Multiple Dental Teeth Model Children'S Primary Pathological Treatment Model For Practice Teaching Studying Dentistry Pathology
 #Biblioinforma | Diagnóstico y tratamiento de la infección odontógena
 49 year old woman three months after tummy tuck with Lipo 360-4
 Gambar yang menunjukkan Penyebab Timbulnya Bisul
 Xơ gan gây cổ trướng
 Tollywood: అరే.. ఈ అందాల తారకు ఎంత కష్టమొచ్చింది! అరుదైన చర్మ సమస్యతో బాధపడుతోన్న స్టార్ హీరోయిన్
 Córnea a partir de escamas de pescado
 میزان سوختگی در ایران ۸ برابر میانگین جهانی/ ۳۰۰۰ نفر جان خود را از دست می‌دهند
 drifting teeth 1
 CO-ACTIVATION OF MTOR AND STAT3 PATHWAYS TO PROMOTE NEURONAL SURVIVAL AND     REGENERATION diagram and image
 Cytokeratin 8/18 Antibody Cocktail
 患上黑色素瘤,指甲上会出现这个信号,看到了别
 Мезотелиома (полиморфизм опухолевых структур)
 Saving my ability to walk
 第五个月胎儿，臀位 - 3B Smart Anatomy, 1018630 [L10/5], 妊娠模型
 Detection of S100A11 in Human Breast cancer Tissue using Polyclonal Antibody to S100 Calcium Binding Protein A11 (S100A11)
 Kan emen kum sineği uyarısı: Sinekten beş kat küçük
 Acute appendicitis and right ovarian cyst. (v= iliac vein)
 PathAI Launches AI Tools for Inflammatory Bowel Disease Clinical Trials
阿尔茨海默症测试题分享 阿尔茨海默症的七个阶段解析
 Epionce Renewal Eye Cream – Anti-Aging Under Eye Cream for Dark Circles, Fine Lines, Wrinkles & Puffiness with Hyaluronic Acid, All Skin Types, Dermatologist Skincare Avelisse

- - -

EXERCISE DIRECTIONS: An exact transcription of all the material above is the expected answer.

FINAL ANSWER:
Multiple Dental Teeth Model Children'S Primary Pathological Treatment Model For Practice Teaching Studying Dentistry Pathology
 #Biblioinforma | Diagnóstico y tratamiento de la infección odontógena
 49 year old woman three months after tummy tuck with Lipo 360-4
 Gambar yang menunjukkan Penyebab Timbulnya Bisul
 Xơ gan gây cổ trướng
 Tollywood: అరే.. ఈ అందాల తారకు ఎంత కష్టమొచ్చింది! అరుదైన చర్మ సమస్యతో బాధపడుతోన్న స్టార్ హీరోయిన్
 Córnea a partir de escamas de pescado
 میزان سوختگی در ایران ۸ برابر میانگین جهانی/ ۳۰۰۰ نفر جان خود را از دست می‌دهند
 drifting teeth 1
 CO-ACTIVATION OF MTOR AND STAT3 PATHWAYS TO PROMOTE NEURONAL SURVIVAL AND     REGENERATION diagram and image
 Cytokeratin 8/18 Antibody Cocktail
 患上黑色素瘤,指甲上会出现这个信号,看到了别
 Мезотелиома (полиморфизм опухолевых структур)
 Saving my ability to walk
 第五个月胎儿，臀位 - 3B Smart Anatomy, 1018630 [L10/5], 妊娠模型
 Detection of S100A11 in Human Breast cancer Tissue using Polyclonal Antibody to S100 Calcium Binding Protein A11 (S100A11)
 Kan emen kum sineği uyarısı: Sinekten beş kat küçük
 Acute appendicitis and right ovarian cyst. (v= iliac vein)
 PathAI Launches AI Tools for Inflammatory Bowel Disease Clinical Trials
阿尔茨海默症测试题分享 阿尔茨海默症的七个阶段解析
 Epionce Renewal Eye Cream – Anti-Aging Under Eye Cream for Dark Circles, Fine Lines, Wrinkles & Puffiness with Hyaluronic Acid, All Skin Types, Dermatologist Skincare Avelisse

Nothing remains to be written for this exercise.